After the singing parties were established, Sophie began to sing with a much smaller group as well, a women's chorus called the Montgomery Singers. She joined it in 1930, in search, she says, of the spiritual enrichment the music could provide, but almost immediately the need for control asserted itself. She recruited Thomas Surette to speak to the chorus about performing only "the best music," and "after that, the women seemed willing to accept my leadership. I moved the club to our house and held the meetings there for the next fifteen years." This group provided the final catalyst for Drinker's career as a feminist and amateur scholar. Having taken charge of the repertory and programming, she set to work searching out music for the chorus. By her lights it had to meet two criteria: first, it had to be musically authentic—that is, written originally for treble chorus and not arranged from some other format; second, both music and words had to express what she thought of as genuinely female sentiments. This latter demand proved especially problematic, since much of what little there was for treble voices turned out to be music for children or liturgical music that would originally have been sung by boys' choirs. She also noticed what will not astonish today: that none of what she found had been composed by women. Drinker reacted first with surprised frustration and finally with rage where were the authentic musical expressions of women's artistry and spirituality?
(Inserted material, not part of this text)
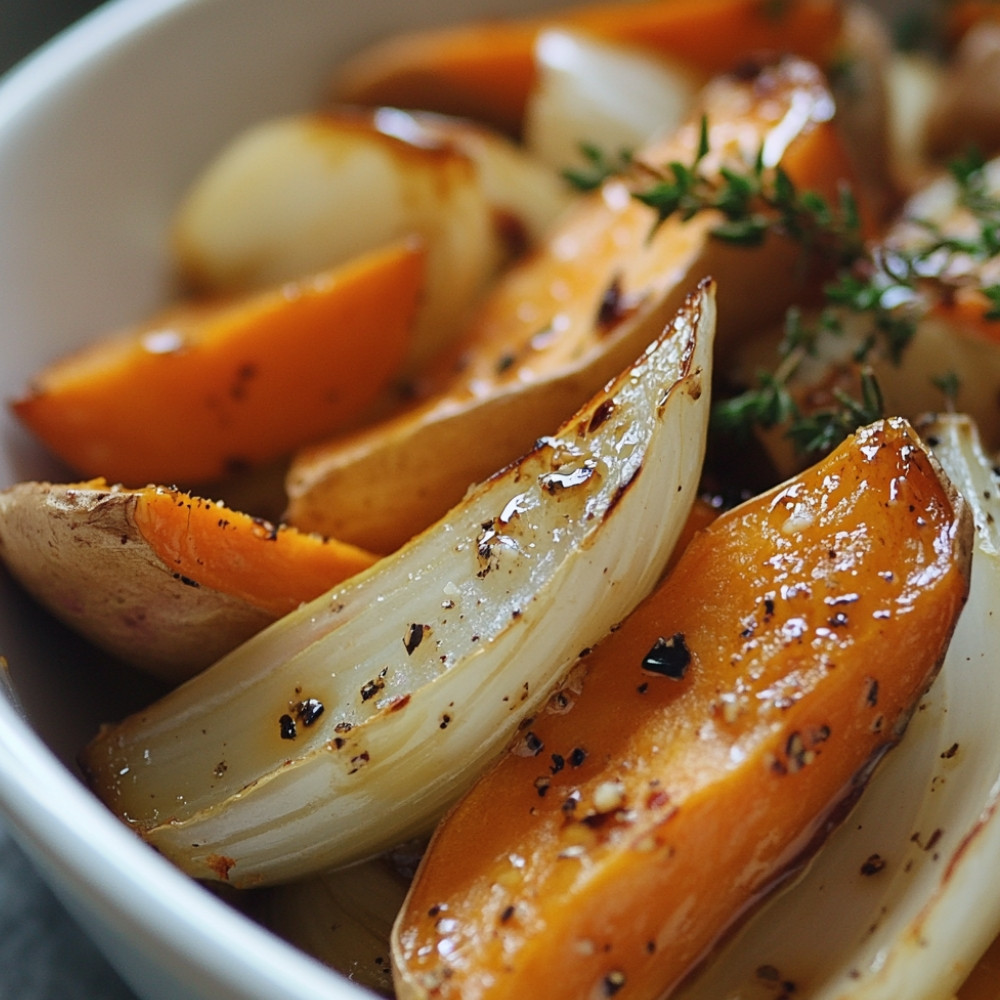 Endives, oignons et patates douces rôtis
What had happened to women in modern Western culture that they were so bereft of artistic life?
Note particularly that the questions as Drinker articulated them bear the traces of the family amateur philosophy: the belief that musical expression was an intimate part of spiritual life, and that it must therefore be accessible to everyone and not entrusted to a handful of cultural superstars. Her search for repertory for the Montgomery Singers gradually led Drinker to suspect that half of all humankind had systematically been deprived of this crucial means of expression. With this observation, the die was cast for the next decades of her life, as she set about the work of answering the questions that nagged her. Her massive collection of data about women's musical activities culminated in her book, Music and Women , the achievement for which she is best known now (see fig. 32). Like many products of obsession, the book is both rich and strange. "Strange" because, unschooled and angry as she was, Drinker used methods wholly unmodulated by the customary practices of disciplinary musicology or by traditional academic commitments to objectivity and personal distance. But "rich," even more, because she collected material about women's musical lives that is to this day unavailable in any other source, and because in the process of writing the book Drinker formulated powerful theories about the effects of patriarchy and about the cultural construction of gender.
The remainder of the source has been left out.